Question: The zip file contains 332 comma-separated-value (CSV) files containing pollution monitoring data for fine particulate matter (PM) air pollution at 332 locations in the United States. Each file contains data from a single monitor and the ID number for each monitor is contained in the file name. For example, data for monitor 200 is contained in the file "200.csv". Each file contains three variables:

Date: the date of the observation in YYYY-MM-DD format (year-month-day) sulfate: the level of sulfate PM in the air on that date (measured in micrograms per cubic meter) nitrate: the level of nitrate PM in the air on that date (measured in micrograms per cubic meter) For this programming assignment you will need to unzip this file and create the directory 'specdata'. Once you have unzipped the zip file, do not make any modifications to the files in the 'specdata' directory. In each file you'll notice that there are many days where either sulfate or nitrate (or both) are missing (coded as NA). This is common with air pollution monitoring data in the United States.

Part 2

Write a function that reads a directory full of files and reports the number of completely observed cases in each data file. The function should return a data frame where the first column is the name of the file and the second column is the number of complete cases.

My code is as following:

complete <- function(directory="d:/dev/r/documents/specdata", id)   {
df <- data.frame(no=integer(), nobs=integer())
for (i in id)   {
    sum=0
    myfilename = paste(directory,"/",formatC(i, width=3, flag="0"),".csv",
                       sep="") 
    masterfile = read.table(myfilename, header=TRUE, sep=",")
    for (j in 1:nrow(masterfile)){
        if (!is.na(masterfile[j, 2]) && !is.na(masterfile[j, 3])){
            sum = sum + 1
        }
    }
    df[i,]<-c(i, sum)
}
df
}

Note that I put all the 001.csv, 002.csv, ... in the directory d:/dev/r/documents/specdata, and that's why I have this string as default in the parameter. You can see that I use nested for loops to make this work, and I realize that I should be able to replace at least one of the for loop with lapply. But I'm struggling with this as I'm quite familiar with C++ so I really have no idea how to implement lapply. I read a few codes on Stackoverflow and I understand most of them, but when it came to writing my own codes I could not make it work.
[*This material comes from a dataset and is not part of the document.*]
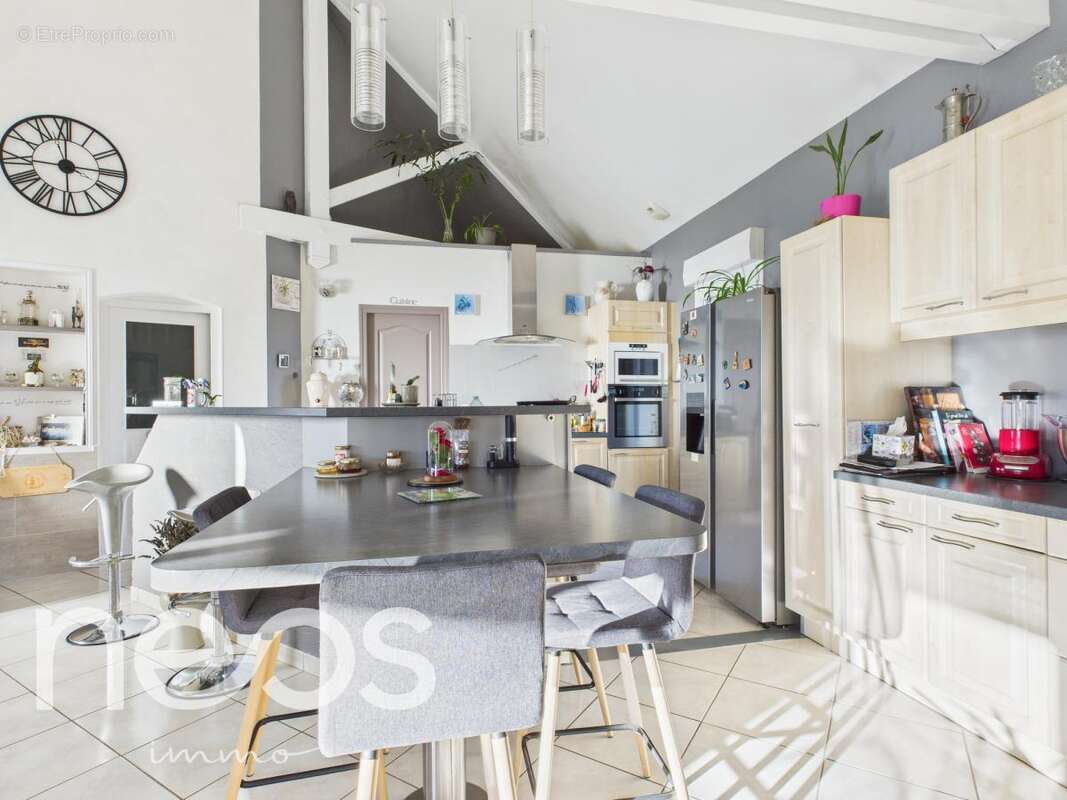 Maison à SAINT-MAURICE-EN-RIVIERE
Thanks in advance! In the mean time I will try again.

2

2 Answers

1
votes

You can start with replacing the inner cycle first with something like this:

rows_to_sum <- !is.na(masterfile[, 2]) & !is.na(masterfile[, 3])
df[i,] <- sum(masterfile[rows_to_sum, 1])
1
votes

This assignment gives you a hint by using the phrase "complete cases" multiple times. You should check out the R function complete.cases(). It would replace the need for your inner for loop.

For each file, run complete.cases(file). Count the number of TRUE elements in the returned vector. Output the name of the file and the above count.